2. Work with the teams to change the architecture of their app
Maybe your platform states that health checks must conform to a specific standard endpoint, authentication method, and test criteria. There are legacy apps that don’t follow those standards though.
If this is a platform requirement, maybe the platform team could develop it’s own library which implements those health checks. Developers wouldn’t need to worry about the specifics and platform would get both consistency and centralized management of those health checks.
3. Change the standard
Sometimes development teams have legitimate requests that do require modifying the existing platform.
Maybe the platform mandates that metrics-based horizontal pod autoscaling and automatic vertical pod autoscaling be in place for any workload running in production. That might be overkill for a small service that only ever sees 20 requests per day. Are we going to require that of development teams or do they have more important things to do than evaluate horizontal scaling thresholds in their metrics? The standard might be better if it describes when an HPA and VPA are required rather than that they are required.

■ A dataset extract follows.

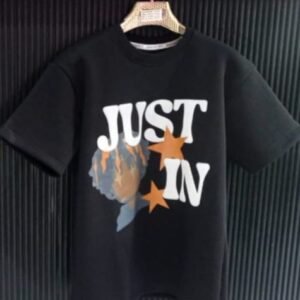 Oversized T shirt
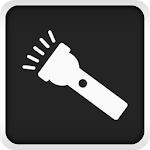 Cover Image of Télécharger Flashlight LED & Screen Full  APK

4. The service is considered “unsupported”
This is mostly a worst case scenario situation. It should only really be considered a fallback if the other approaches don’t work. In an ideal situation, your platform would be flexible enough that this approach could only be applied to specific aspects of an application rather than the application as a whole. Regardless, it is something that should be in your toolbox when the appropriate situation presents itself.
This approach would place the responsibility of things like build automation, manifest authoring, and runtime management exclusively onto the team owning the project. It requires understanding and cooperation from a few different key departments in the org to be successful:
- Platform needs to hold themselves to this requirement so that they are able to protect their ability to serve the wider majority of users. If one unsupported service consumes an outsized amount of platform’s engineer bandwidth with support requests it negatively affects the experiences of other teams.
- SRE needs to be aware that a service is unsupported or not for much the same reason but also so as not to undermine the decisions of platform or to get into a situation where SRE becomes an unintentional support channel for services running outside the established standards.
- Security needs to be able to implement guardrails so that information isn’t being unintentionally exposed or mishandled.
- Management need to support the decision of the platform team to hold firm on standards conformance. If standards can be bent and undermined, the standards cease to have any true meaning.